Nicolette

Nicolette first came to the music world’s attention in 1990, when her collaboration with Shut Up and Dance led to her first single “School of the World/Single Minded People” becoming a smash, followed by several more dancefloor hits and finally the 1992 release of her critically acclaimed first album “Now Is Early”. She was then approached by Massive Attack, which resulted in her singing on and co-writing two singles “Sly” and “Three” on Massive Attack’s 1994 platinum-selling “Protection” album.

In 1995, Nicolette was signed to Gilles Peterson’s Talkin’ Loud (Mercury Records) label, releasing “No Government”, the first single from her new album, the same year. After several more groundbreaking single and video releases, the album “Let No-one Live Rent Free In Your Head” was released in 1996 and widely hailed as a masterpiece. It was a critical and commercial success, also hitting the dance floors with a plethora of excellent remixes of each of its singles.

In 2011 was Samuel Yirga’s album “Guzo”, (Real World Records) on which Nicolette featured on two songs, “I Am The Black Gold Of The Sun”, and “African Diaspora”. This album was number 1 on the World Music Charts. Nicolette’s next Early Records’ release was a six-track EP, “Modern Stories”. It featured Electronica mixes by distinguished producers Michael Fakesch, DJ Click, Majiker, and Septimus. Since 2016, Nicolette has been working on a new album (“The Infinitive”) which will be out shortly, and the first single from out it, “Simple Life” is out now. Nicolette has played most major venues and festivals worldwide, and her music has featured in major films and TV.

 Nicolette’s “lush, angelic vocals and profound lyrics” are the heart-centred thread that unites all her songs.
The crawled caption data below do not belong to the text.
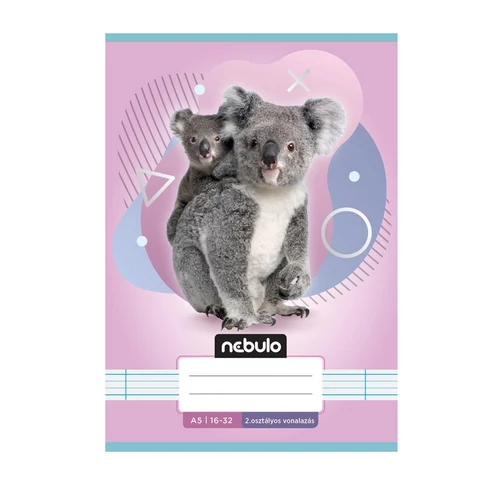 Füzet, A5, 2. osztályos vonalas, 16-32, Állatos minták, 16 db/csomag Nebulo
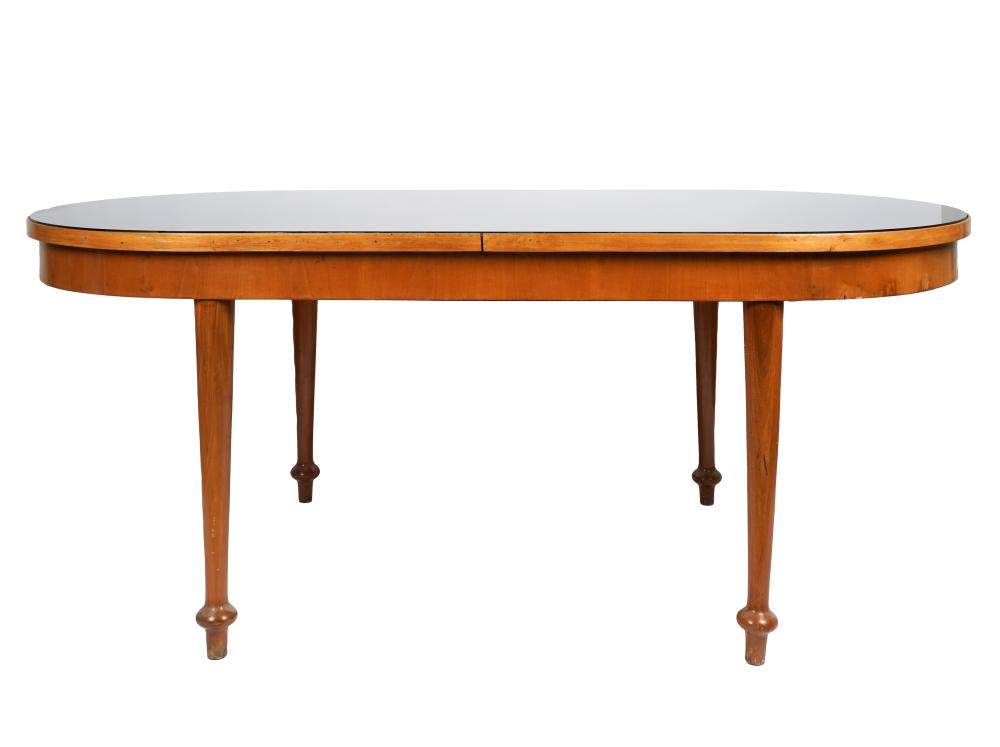 Appraisal: ITALIAN MID-CENTURY DINING TABLEstyle of Paola Buffa walnut and black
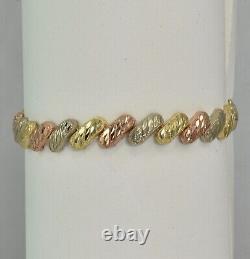 10k Rose Yellow & White Gold Macaroni Style Tri Color Bracelet by NJM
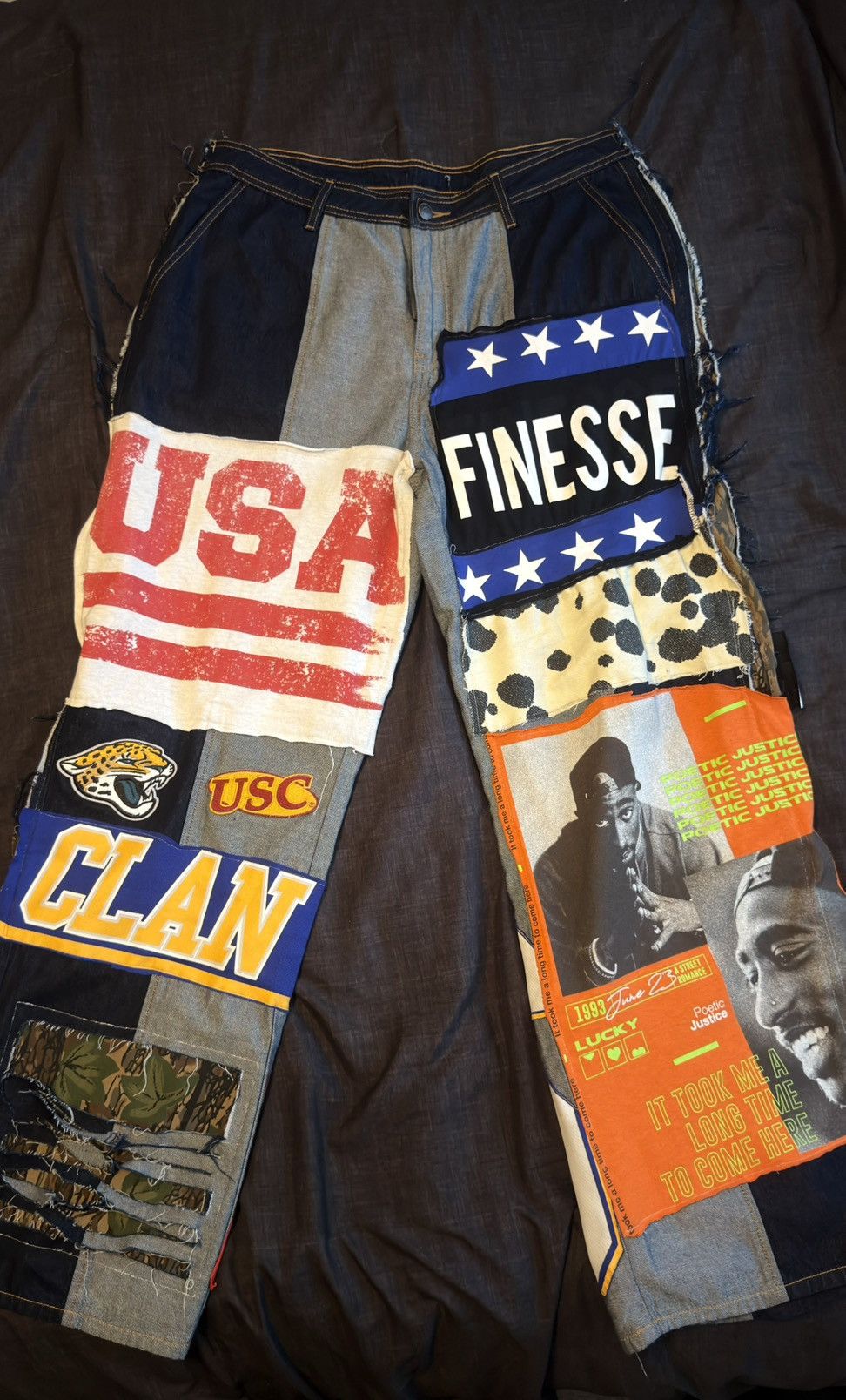 House Of Holland Holyland Patchwork Pants Size US 36 / EU 52 - 1 Thumbnail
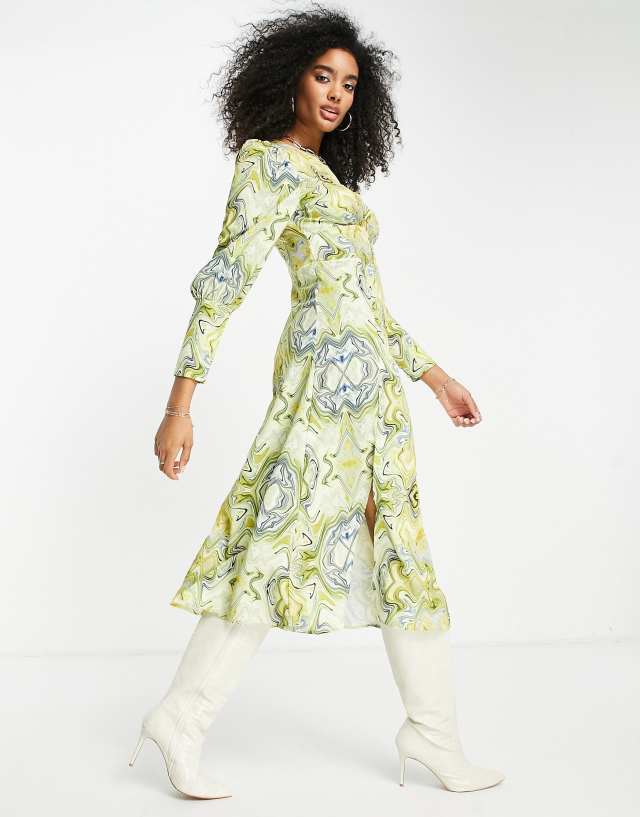 Vila - midi dress with full sleeve in marble print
The combining of her sensual vocal style (reminiscent of 30s and 40s jazz and blues singers) with hyper-modern backdrops has created her trademark sound, a sort of 21st century populist jazz, an electro-synth bouncy blues. Her sound is infused with a mysticism and insight that is powerful and feminine. Nicolette writes songs, she says, to empower herself and other people so that “we may remember who we are. And this brings joy, which is a simple right of life,“ she says. “Basically, I’m telling the simple truth that everyone knows.” Nicolette insists that the bottom line, the final word on her songs is love. “I write songs to create an atmosphere of love whenever they are played. Anything that isn’t love will go out of the window at that moment, because they are purely from the heart.”